==== Exercise materials

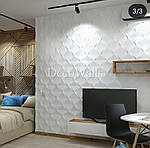 Гіпсові 3D панелі Пірамідки DecoWallsTM, фото 3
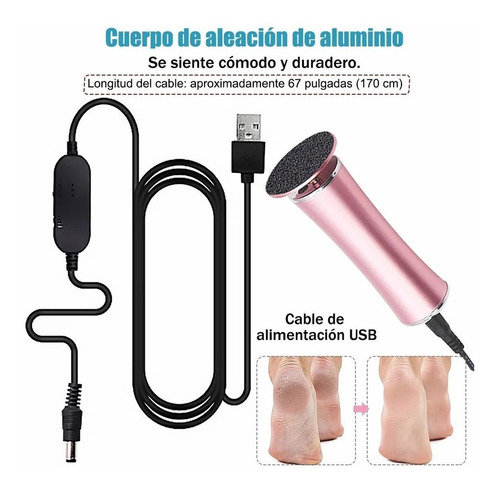 Máquina Exfoliante Eléctrica Lima De Pies Quita Callos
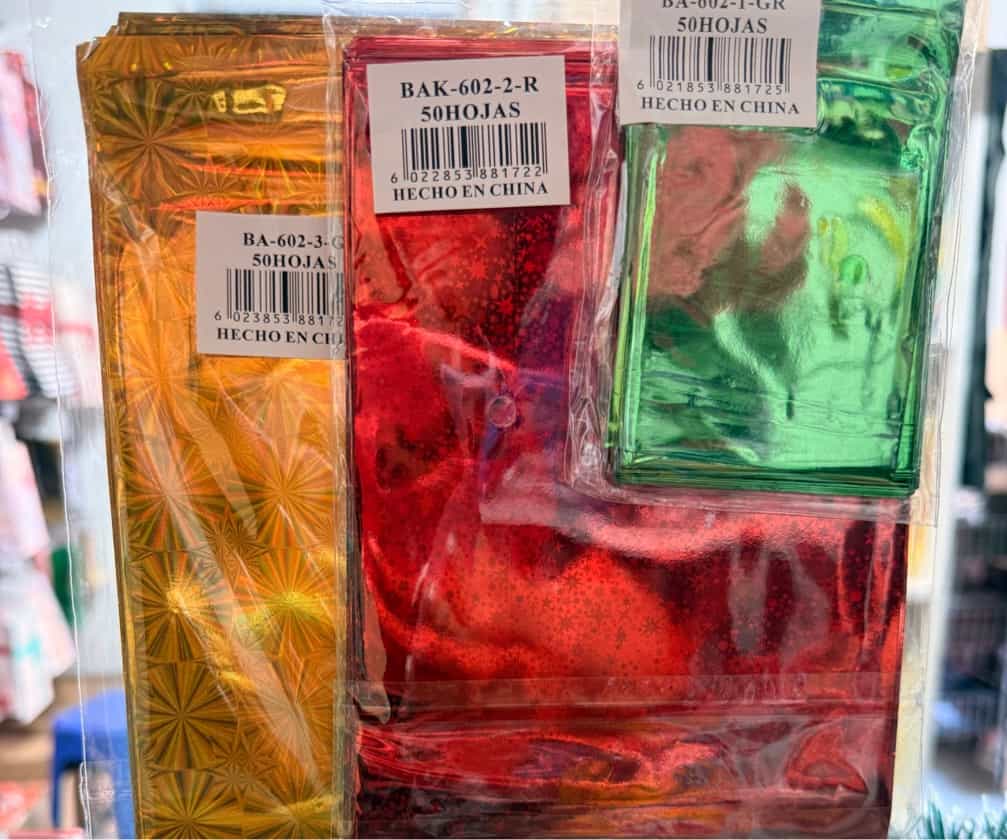 Sobre papel holográfico 15x24cm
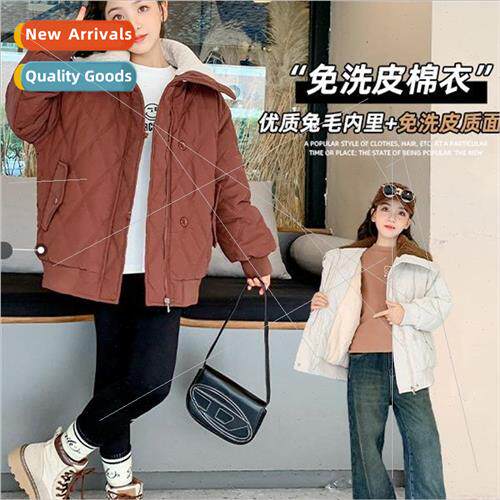 Girls padded jacket fall and winter  2023 new girls big girl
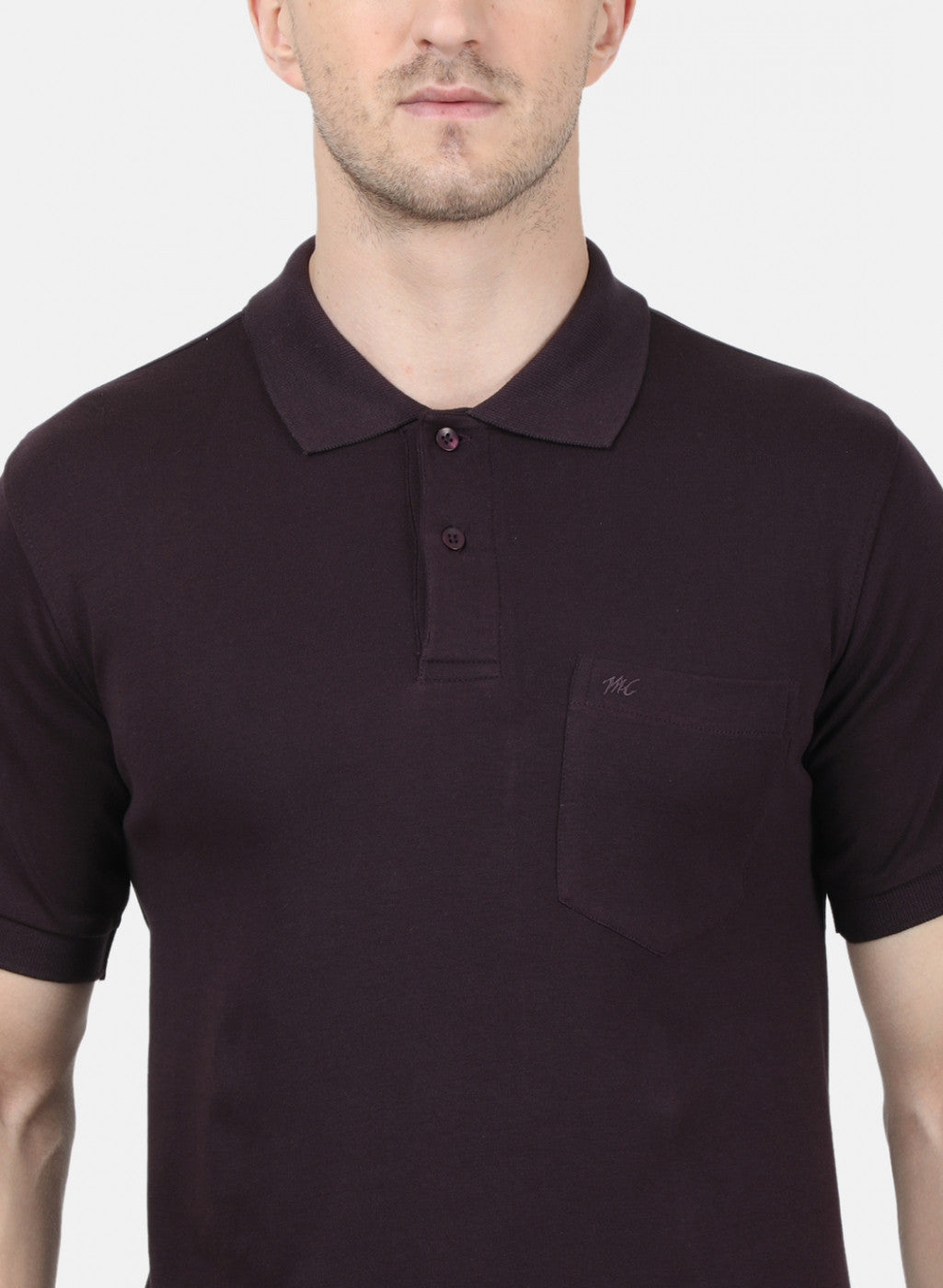 Mens Brown Plain T-Shirt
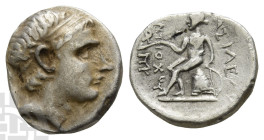Seleucid Empire, Antiochos III AR Drachm. 222-187 BC. Uncertain mint of the periphery of the Seleucid empire. Only a Few Examples Known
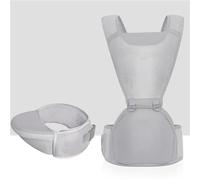 Porte-bébés pour nouveau-nés, porte-bébés - Tabouret et sangle, écharpes pour tout-petits avec fermeture éclair et design ergonomique pour les tout-petits jusqu'à 3 ans,enveloppements faciles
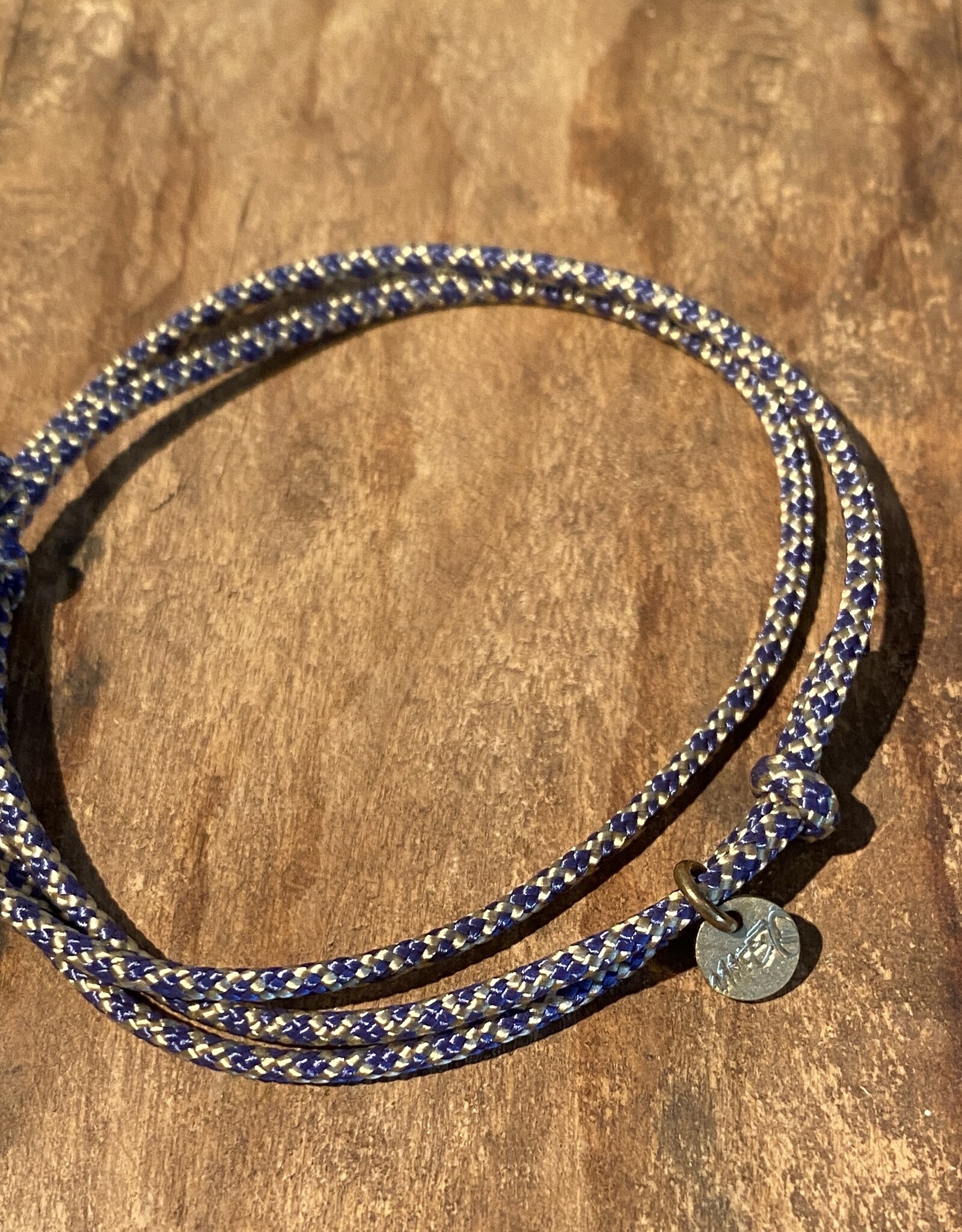 MIEQ Never Enough blauw/goud gemêleerd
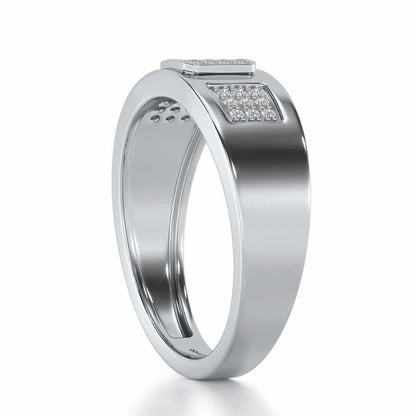 Exultant Silver Ring For Men - White Gold - Image 3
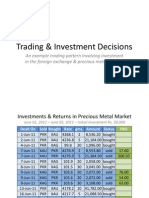 Presentation - Sample Trading & Investment Decisions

========

▶ **Brief**
Transcribe exactly the lines from the one holding "MIEQ Never Enough blauw/goud gemêleerd" through the final line of the material above, both ends included; any pictures should be dropped.

▶ **Solution for this task**
 MIEQ Never Enough blauw/goud gemêleerd
 Exultant Silver Ring For Men - White Gold - Image 3
 Presentation - Sample Trading & Investment Decisions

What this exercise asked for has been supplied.